Short text fragments from websites:

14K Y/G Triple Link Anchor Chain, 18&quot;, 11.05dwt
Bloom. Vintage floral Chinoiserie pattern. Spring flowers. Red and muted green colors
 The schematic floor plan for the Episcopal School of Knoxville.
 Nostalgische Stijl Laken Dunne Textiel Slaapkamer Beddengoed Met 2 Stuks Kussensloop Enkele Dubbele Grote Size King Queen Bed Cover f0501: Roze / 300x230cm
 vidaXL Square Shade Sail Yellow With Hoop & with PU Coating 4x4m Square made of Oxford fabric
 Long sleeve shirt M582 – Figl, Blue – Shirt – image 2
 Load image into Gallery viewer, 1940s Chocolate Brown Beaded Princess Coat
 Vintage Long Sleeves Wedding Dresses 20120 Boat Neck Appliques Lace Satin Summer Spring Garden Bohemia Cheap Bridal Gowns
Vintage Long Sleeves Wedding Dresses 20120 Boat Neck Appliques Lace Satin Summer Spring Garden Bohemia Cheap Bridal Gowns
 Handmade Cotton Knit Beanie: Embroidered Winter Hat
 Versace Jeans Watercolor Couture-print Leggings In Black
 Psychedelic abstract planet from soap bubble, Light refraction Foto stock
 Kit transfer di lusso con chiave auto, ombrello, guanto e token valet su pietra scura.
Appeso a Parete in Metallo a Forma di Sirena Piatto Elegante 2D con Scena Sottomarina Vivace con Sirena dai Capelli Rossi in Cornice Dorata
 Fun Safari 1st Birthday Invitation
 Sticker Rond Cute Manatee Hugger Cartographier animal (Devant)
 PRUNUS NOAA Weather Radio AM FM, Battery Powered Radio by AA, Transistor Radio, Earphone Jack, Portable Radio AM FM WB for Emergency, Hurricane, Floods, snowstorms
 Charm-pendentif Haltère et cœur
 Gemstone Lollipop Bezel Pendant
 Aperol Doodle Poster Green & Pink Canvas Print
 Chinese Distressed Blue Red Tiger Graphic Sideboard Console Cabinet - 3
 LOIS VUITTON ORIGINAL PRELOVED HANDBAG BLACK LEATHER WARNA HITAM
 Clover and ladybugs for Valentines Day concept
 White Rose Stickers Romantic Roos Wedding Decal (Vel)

● What is needed:
Nothing but the lines from the start of the data above through the line with "Sticker Rond Cute" should appear in your answer, copied exactly.

● Answer space:
14K Y/G Triple Link Anchor Chain, 18&quot;, 11.05dwt
Bloom. Vintage floral Chinoiserie pattern. Spring flowers. Red and muted green colors
 The schematic floor plan for the Episcopal School of Knoxville.
 Nostalgische Stijl Laken Dunne Textiel Slaapkamer Beddengoed Met 2 Stuks Kussensloop Enkele Dubbele Grote Size King Queen Bed Cover f0501: Roze / 300x230cm
 vidaXL Square Shade Sail Yellow With Hoop & with PU Coating 4x4m Square made of Oxford fabric
 Long sleeve shirt M582 – Figl, Blue – Shirt – image 2
 Load image into Gallery viewer, 1940s Chocolate Brown Beaded Princess Coat
 Vintage Long Sleeves Wedding Dresses 20120 Boat Neck Appliques Lace Satin Summer Spring Garden Bohemia Cheap Bridal Gowns
Vintage Long Sleeves Wedding Dresses 20120 Boat Neck Appliques Lace Satin Summer Spring Garden Bohemia Cheap Bridal Gowns
 Handmade Cotton Knit Beanie: Embroidered Winter Hat
 Versace Jeans Watercolor Couture-print Leggings In Black
 Psychedelic abstract planet from soap bubble, Light refraction Foto stock
 Kit transfer di lusso con chiave auto, ombrello, guanto e token valet su pietra scura.
Appeso a Parete in Metallo a Forma di Sirena Piatto Elegante 2D con Scena Sottomarina Vivace con Sirena dai Capelli Rossi in Cornice Dorata
 Fun Safari 1st Birthday Invitation
 Sticker Rond Cute Manatee Hugger Cartographier animal (Devant)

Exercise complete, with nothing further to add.